START Provided information

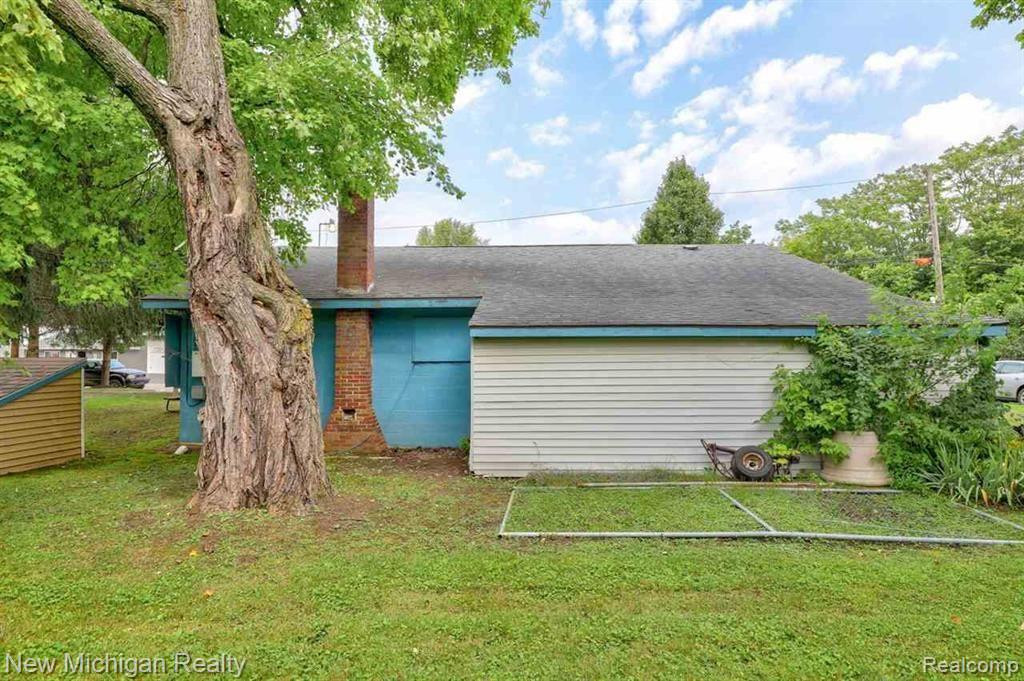 5757 GENESEE Avenue, Otter Lake, MI 48464 — Photo 6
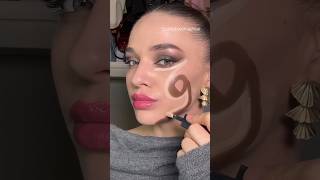 OMG Viral face Contouring Hack 😱😲#shorts #youtubeshorts #fyp #diy #hack #shortsviral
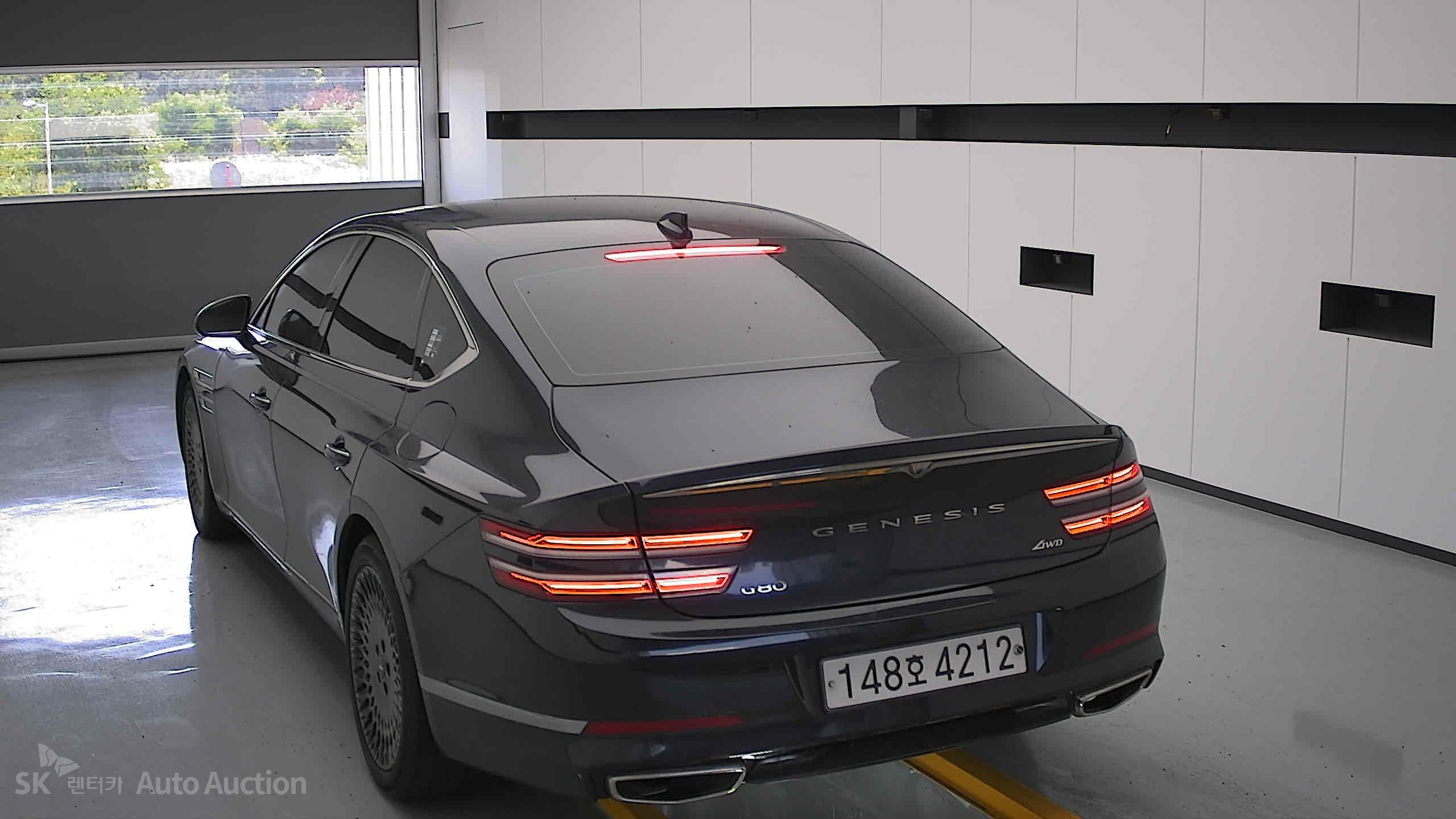 2021 - genesis g80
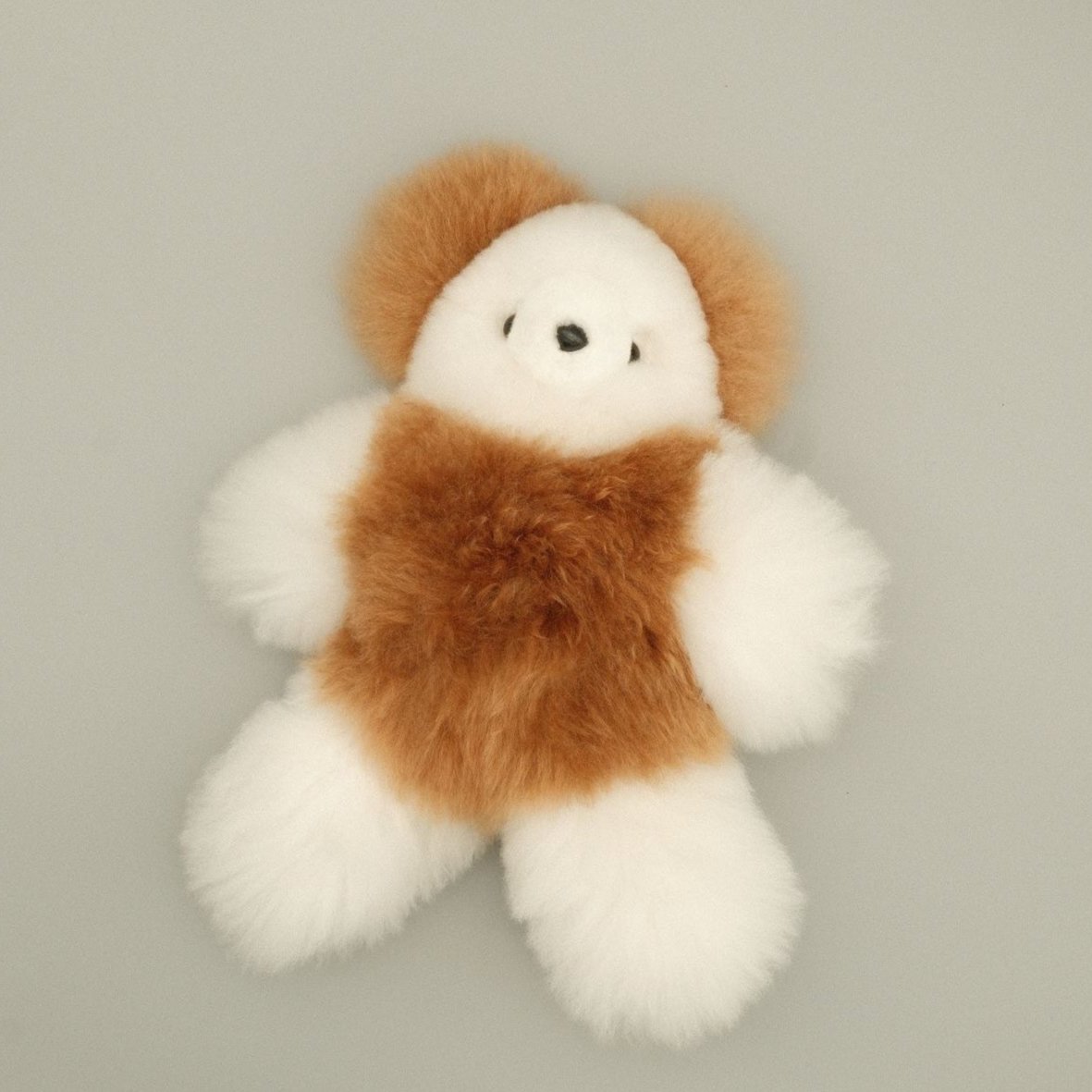 Handgefertigter Teddybär aus 100% Babyalpakawolle – Weiches, hypoallergenes Kuscheltier (30 cm)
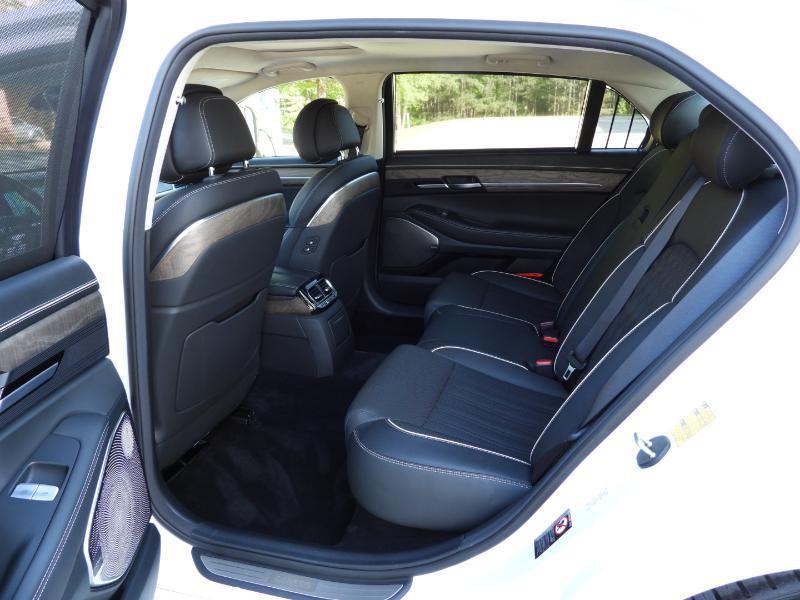 Genesis G90 Premium 2020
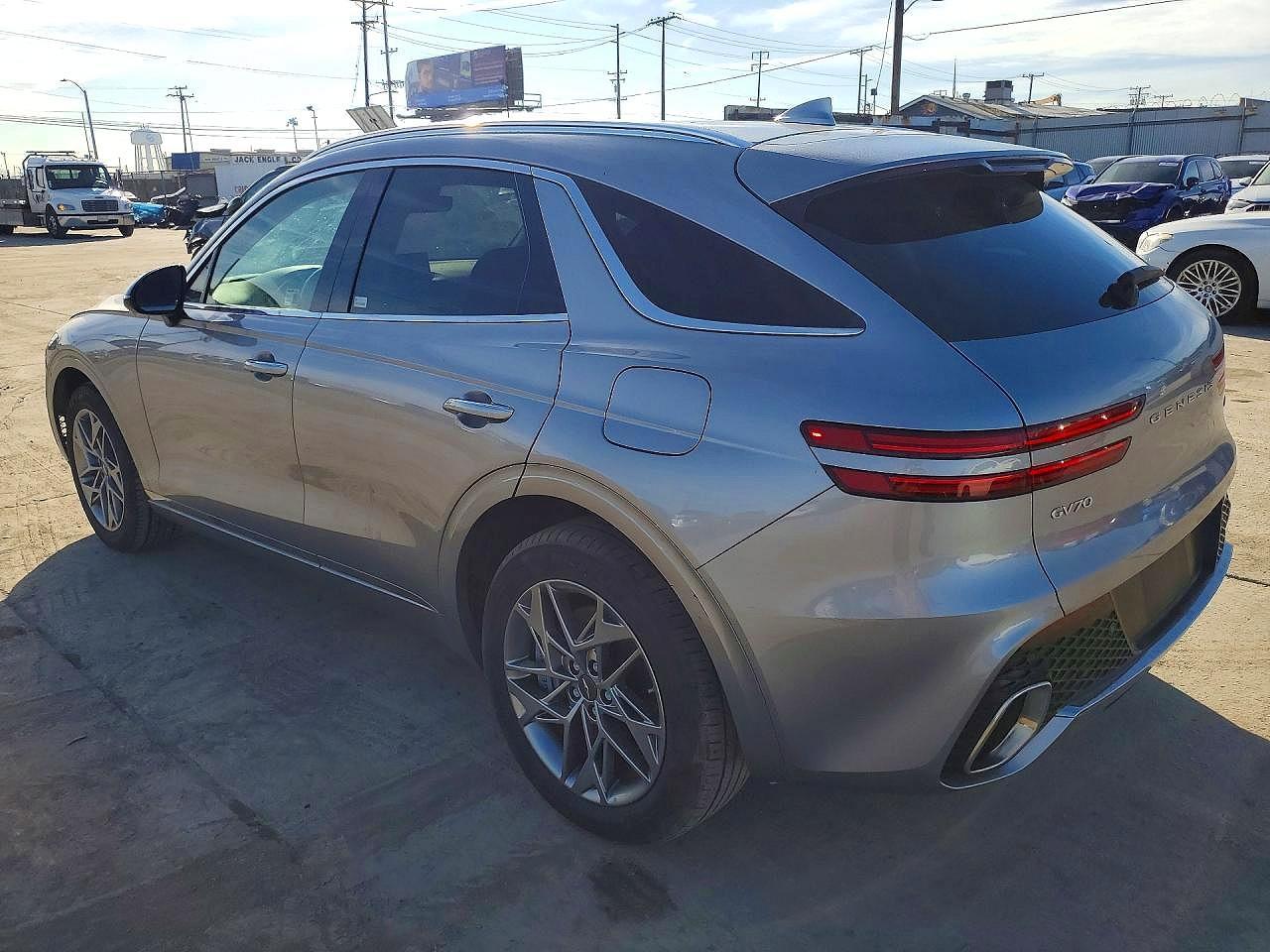 GENESIS GV70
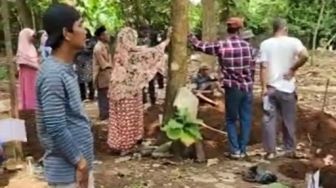 Viral, Pembongkaran Makam di Cilegon, Banyak Jasad Dimakamkan Puluhan Tahun Masih Utuh, Publik: Kafannya Bersih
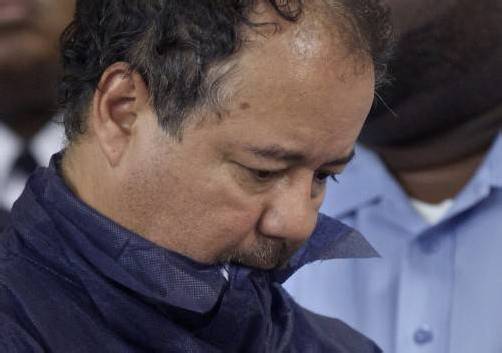 Castro wurde am Donnerstag in Untersuchungshaft genommen. Während des Gerichtstermins schwieg er und biss auf seinem Kragen herum. Foto: rts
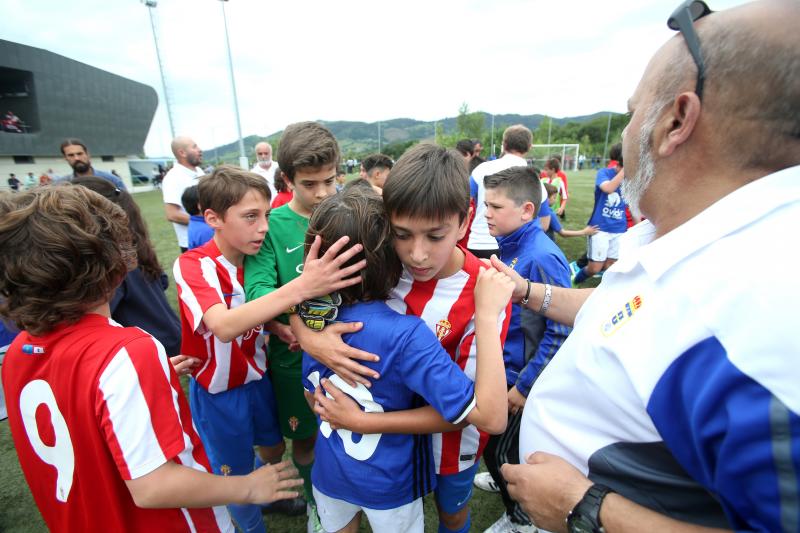 El derbi de alevines, en imágenes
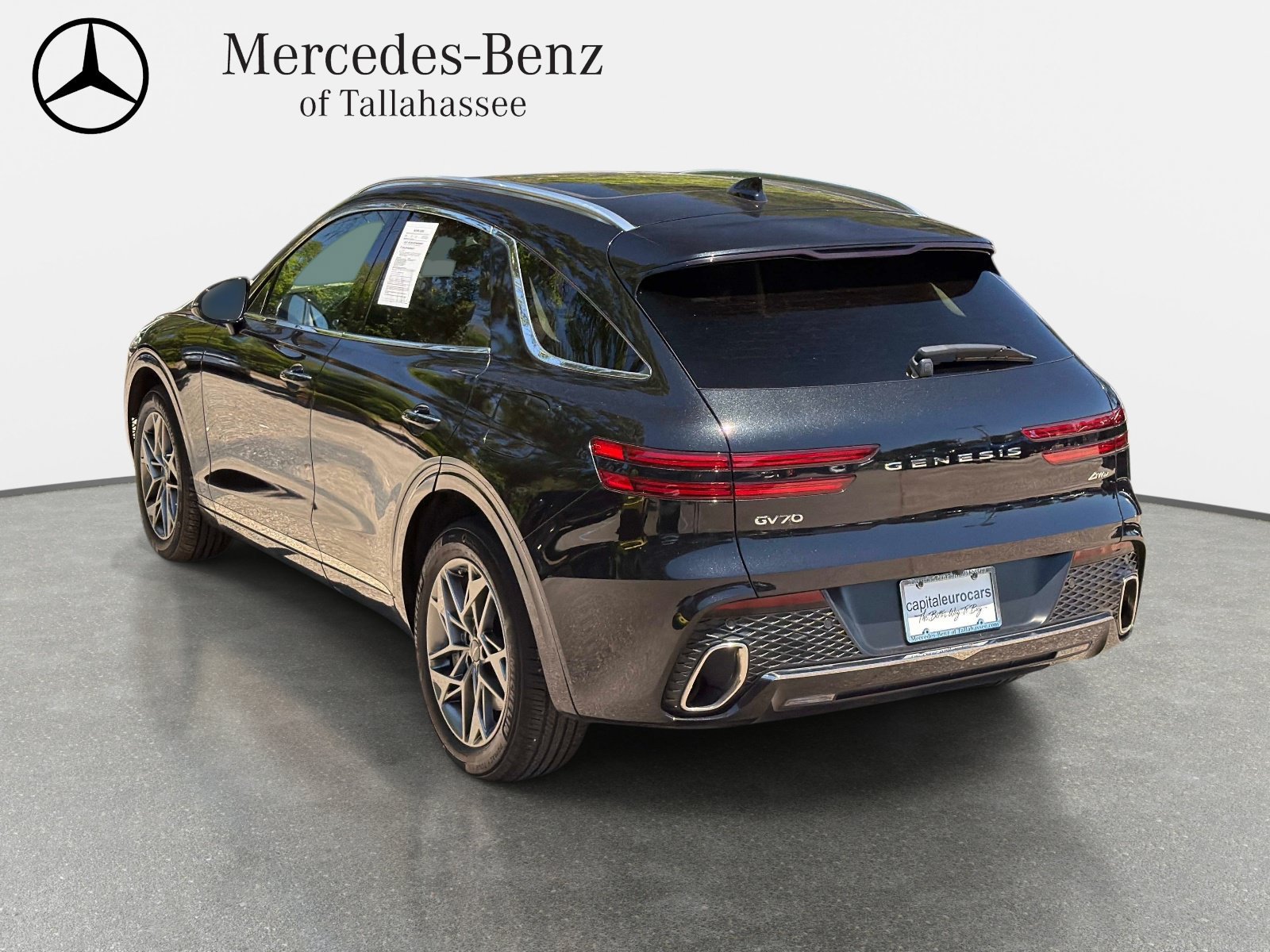 Used 2023 Genesis GV70 2.5T w/ Select Package AWD/4WD image 7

END Provided information

(Exercise instructions)
Each record above has to be written out again in full, but its pictures must not be.

(Solved exercise)
 5757 GENESEE Avenue, Otter Lake, MI 48464 — Photo 6
 OMG Viral face Contouring Hack 😱😲#shorts #youtubeshorts #fyp #diy #hack #shortsviral
 2021 - genesis g80
 Handgefertigter Teddybär aus 100% Babyalpakawolle – Weiches, hypoallergenes Kuscheltier (30 cm)
 Genesis G90 Premium 2020
 GENESIS GV70
 Viral, Pembongkaran Makam di Cilegon, Banyak Jasad Dimakamkan Puluhan Tahun Masih Utuh, Publik: Kafannya Bersih
 Castro wurde am Donnerstag in Untersuchungshaft genommen. Während des Gerichtstermins schwieg er und biss auf seinem Kragen herum. Foto: rts
 El derbi de alevines, en imágenes
 Used 2023 Genesis GV70 2.5T w/ Select Package AWD/4WD image 7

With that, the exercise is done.